Greetings! Anybody have a good idea how to adapt a hydraulic pump to a MF65 tractor so that I can install a loader on the front? It has PTO and a live 3pt hitch, but no hydraulic pump or controllers.

Any ideas at all would be appreciated! Cheers!


----------



## BobBoyce (Aug 21, 2004)

Many of the farmers around here just attach their hydraulic pump to the PTO. You can make up a removable assembly, if you like, to mount your control valves in.

Bob


----------



## Ross (May 9, 2002)

Did you want ideas on a front mounted pump running off the flywheel or a tap system to pull high pressure off the existing internal hydraulics?


----------



## Ozarks_1 (Jan 11, 2003)

1948 Ferguson TO20 ...

When I added the front end loader - an old Dearborn unit - I wanted to keep the PTO available at all times. I mounted an electric-hydraulic pump from a flatbed car carrier on a homebuilt bracket behind the tractor seat. I put a manual switch and large indicator light in the dash of the tractor to turn the pump on (through an auto solenoid) when needed. Homebuilt levers attached to a set of used control valves from a forklift completed the installation. 

The only problem I've encountered so far with this set-up is it's necessary to turn the pump on ONLY when you need it and not leave it running needlessly. The electric motor used is a simple heavy-duty GM starter motor adapted to a hydraulic pump - and it tends to overheat and stop working after a while if running continually. (After it cools off, it works fine once again.) 

BTW - the reason for the large indicator light is simple: I tend to wear hearing protectors when operating the tractor and it's hard to hear the hydraulic pump over the engine noise ... the indicator light is hard to miss. 

Good luck!


----------



## rambler (Jan 20, 2004)

waterguy said:


> Greetings! Anybody have a good idea how to adapt a hydraulic pump to a MF65 tractor so that I can install a loader on the front? It has PTO and a live 3pt hitch, but no hydraulic pump or controllers.
> 
> Any ideas at all would be appreciated! Cheers!


I'm not terribly familiar with MF, but:

I believe you can easily put a front crankshaft driven pump on them. Some loaders incorporate a tank in the frame, etc. or you can use the oil from your tractor rear or add a tank.

You can tap into the exsisting hyd pump that runs your 3pt. generally a plate & set of valves - like I say, not sure on your make. Depends on how many gallons/minute you need, and what your tractor pump supplies....

You can put a pto hyd pump on your tractor. Again, can be a totally independent system with it's own tank, or can use the rear hyd fluid.
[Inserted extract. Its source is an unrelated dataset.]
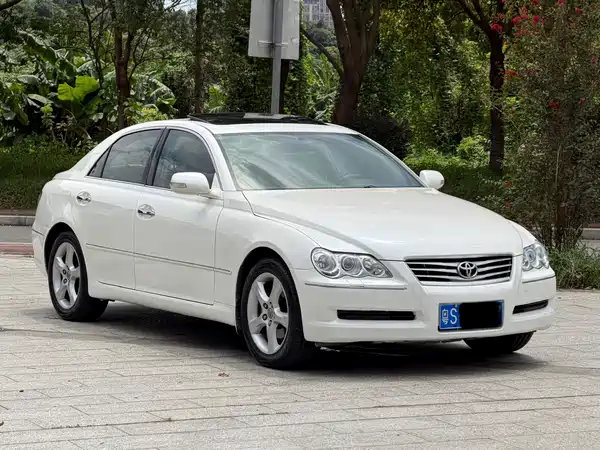 Toyota Reiz 2009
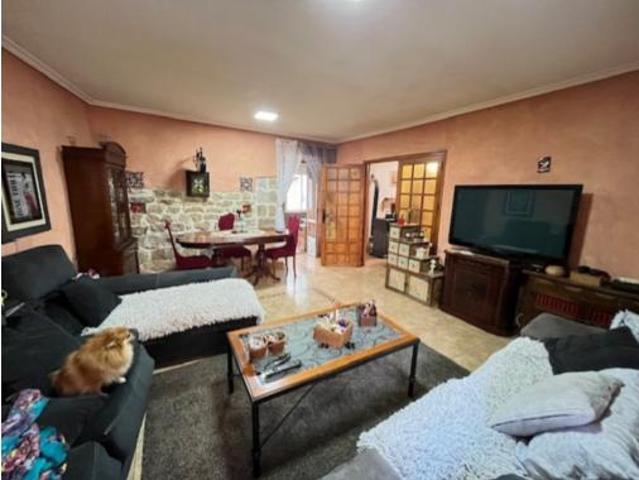 Casa en venta en Mucientes, Castilla y León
This works better with live pto...

You might wish to ask at www.ytmag.com, lots of experience with this type of thing there.

--->Paul


----------



## jacksun (May 16, 2004)

waterguy said:


> Greetings! Anybody have a good idea how to adapt a hydraulic pump to a MF65 tractor so that I can install a loader on the front? It has PTO and a live 3pt hitch, but no hydraulic pump or controllers.
> 
> Any ideas at all would be appreciated! Cheers!


YOUR MF65 ALREDY HAS HYDRAULICS THATS WHAT RUNS THE 3PT HITCH THERE IS A PLATE WITH A PLUG RIGHT BETWEEN YOUR LEGS WHILE YOU ARE SITTING ON THE SEAT THATS WHERE THE ACC HYDRAULIC LINES ATTACH THE FACTORY VALVES BOLTED ON THERE BU THE ACCESSORY VALVES HAVE TO HAVE ANOTER LINE AND BE MOUNTED SOMEWHERE ELSE.


----------